It's Time To Say No To Single-Use Plastics, Bamboo Tableware Biodegrades In 60 Days

We are facing a serious plastic problem. You know it. I know it. National Geographic sure as hell knows it. The website reports that a staggering 91% of the world’s plastic isn’t recycled. But the bamboo tableware points to a new way to solve the problem. Scientists searching for biodegradable alternatives to plastic have developed food containers made from sugarcane and bamboo that decompose within 60 days.

Researchers at Northeastern University in Boston say they have developed sustainable, nontoxic tableware using a sugar by-product that can be molded into food and beverage containers.

“Making food containers is challenging,” said lead author Dr. Hongli (Julie) Zhu, whose study was published Thursday in the journal Matter. “It needs more than being biodegradable.”

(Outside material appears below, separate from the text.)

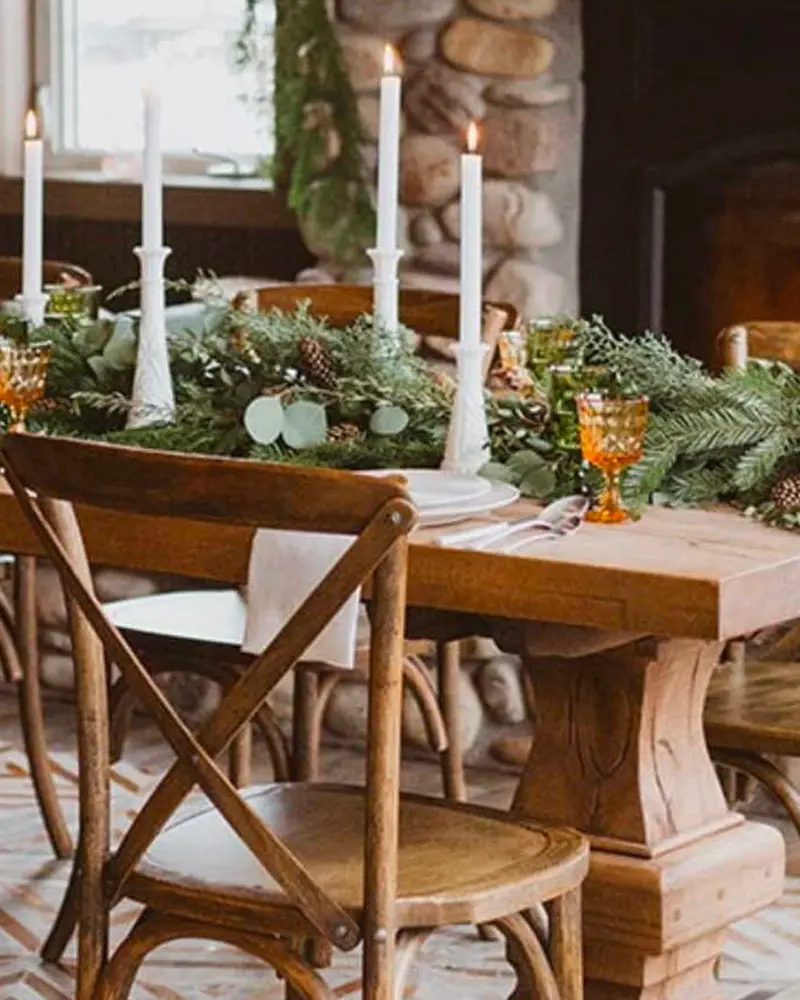 deco table noel rustique bois sapin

Specifically, the material must be clean enough to safely handle food. It must also have good “wet mechanical strength” — the ability to hold liquids for a lengthy period of time. Plastic has both qualities in abundance, which is why it has been utilized for decades. But more people are becoming aware that the residual of plastic production outlives the substance’s usefulness.

Zhu’s effort was inspired by her first visit to the United States in 2007. Having grown up in China, Zhu said she was surprised at the widespread availability of disposable plastic plates, bowls and utensils in the U.S.

“(I) thought, ‘Can we use a more sustainable material’?” she said in a statement accompanying the study.

Her concern is easy to understand. More than 8 million tons of plastic waste is dumped into oceans each year, and only about 14% of the 78 million tons of plastic packaging produced in 2019 was recycled.

In their quest for low-carbon alternatives to plastic, Zhu and her colleagues focused on two widely available materials: bamboo and bagasse, or sugarcane pulp. Researchers wound together thin bamboo fibers with thick ones made of bagasse to form a material that could be molded into containers that are stable and biodegradable.

To increase water resistance, researchers added alkyl dimer (AKD), an eco-friendly chemical widely used in the food industry. The result exceeded their expectations, producing a material that outperformed current commercial biodegradable food containers, including egg cartons.

While traditional plastic such as plastic bags and disposable cups can take as long as 450 years to degrade, Zhu’s “green” tableware starts decomposing 30-45 days after it’s buried. The substance completely loses its shape after 60 days.

But the benefits don’t end there. Zhu and her colleagues say they have developed a material with a significantly smaller carbon footprint than plastic.

“The new product’s manufacturing process emits 97% less CO2 than commercially available plastic containers and 65% less CO2 than paper products and biodegradable plastic,” according to the study.

Since cost is an essential element in a product’s success, Zhu and her colleagues are working to make the manufacturing process more energy efficient in order to compete with plastic. While the cost of cups made out of the new material ($2,333/ton) is two times lower than that of biodegradable plastic ($4,750/ton), traditional plastic cups are still cheaper ($2,177/ton).

“It is difficult to forbid people to use one-time use containers because it’s cheap and convenient,” stated Zhu. “But I believe one of the good solutions is to use more sustainable materials, to use biodegradable materials to make these one-time use containers.”